Mısır Çarşısı’nın bulunduğu yerde, geçmişi Doğu Roma dönemine kadar uzanan bir çarşı olduğu bilinmektedir. O zamanlarda çarşının adı Makro Envalos olarak geçerken, günümüzde Mısır Çarşısı olarak anılmaktadır. Çarşı, “L” şeklinde bir yapıya sahiptir ve İstanbul’un ünlü Yeni Cami’sinin batısında konumlanmıştır. 1664 yılında caminin tamamlanmasının ardından, Hassa Başmimar’ı Mustafa Ağa tarafından çarşının bu bölümü de tamamlanmıştır.
Çarşının Mısır Çarşısı olarak adlandırılmasının sebebi, yapımında Kahire’den alınan vergilerin kullanılmasıdır. Bu isim 18. yüzyıldan sonra yaygınlaşmış olup, çarşı daha önce Valide Çarşısı ve Yeni Çarşı isimleriyle de anılmıştır. Çarşının toplam altı kapısı bulunmaktadır. Haseki Kapısı’ndaki bölüm ise iki katlı bir plana sahiptir ve üst katlar zamanında mahkeme olarak kullanılmıştır. Bu mahkeme bölümlerinde, esnafla halk arasındaki ve çarşı esnafının kendi arasındaki sorunlar çözülmeye çalışılırdı.
Çarşıda uzun ve kısa kolların birleştiği alan “dua meydanı” olarak adlandırılmaktadır. Burada, çarşının göz kamaştırıcı alanlarından biri olan ezan köşkü bulunur. Parmaklı bir balkon şeklinde tasarlanan bu bölümde, bir görevli esnafa seslenerek dua eder ve hayırlı işler diler.
Bugün çarşı içinde kuyumcular, aktarlar, baharatçılar ve hediyelik eşya dükkânları gibi birçok farklı dükkân faaliyet göstermektedir.
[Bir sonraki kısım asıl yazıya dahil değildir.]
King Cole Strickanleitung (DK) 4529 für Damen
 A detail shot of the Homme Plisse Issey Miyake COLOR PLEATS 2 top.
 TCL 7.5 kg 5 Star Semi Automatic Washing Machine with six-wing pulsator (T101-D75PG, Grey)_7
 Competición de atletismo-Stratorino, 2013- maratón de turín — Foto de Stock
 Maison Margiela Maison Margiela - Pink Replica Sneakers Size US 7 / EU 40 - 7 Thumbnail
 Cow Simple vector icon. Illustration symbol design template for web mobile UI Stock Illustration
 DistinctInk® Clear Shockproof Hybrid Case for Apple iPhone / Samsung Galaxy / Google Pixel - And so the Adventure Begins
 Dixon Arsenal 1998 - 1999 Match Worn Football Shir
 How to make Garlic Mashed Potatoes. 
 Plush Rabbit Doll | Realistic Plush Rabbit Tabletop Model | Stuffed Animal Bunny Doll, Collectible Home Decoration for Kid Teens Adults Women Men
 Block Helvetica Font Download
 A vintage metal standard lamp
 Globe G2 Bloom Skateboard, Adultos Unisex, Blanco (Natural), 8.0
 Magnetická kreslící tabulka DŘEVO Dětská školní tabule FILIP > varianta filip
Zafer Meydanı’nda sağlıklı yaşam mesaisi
Mısır Çarşısı ayrıca el işi ürünler ve hediyelik eşyalar konusunda da oldukça zengindir. Çeşitli el yapımı takılar, seramikler, tekstil ürünleri ve Osmanlı motiflerini taşıyan hatıralık eşyalar, ziyaretçilere benzersiz bir alışveriş deneyimi sunar. İstanbul’a özgü hatıralar arayanlar için Mısır Çarşısı, hazine dolu bir mağara gibi görülebilir.
Ancak, Mısır Çarşısı sadece bir alışveriş merkezi değildir, aynı zamanda tarihi ve kültürel bir değere sahiptir. Çarşı, 1691 ve 1940 yıllarında iki büyük yangınla karşı karşıya kalmıştır. Bu yangınlar sonucunda çarşı önemli ölçüde hasar görmüş, ancak 1940 yılında İstanbul Belediyesi tarafından gerçekleştirilen bir restorasyonla tekrar eski ihtişamına kavuşmuştur. Restorasyon sürecinde, çarşının tarihi dokusuna ve mimarisine özen gösterilerek, günümüzde hala ayakta duran o büyüleyici atmosfer korunmuştur.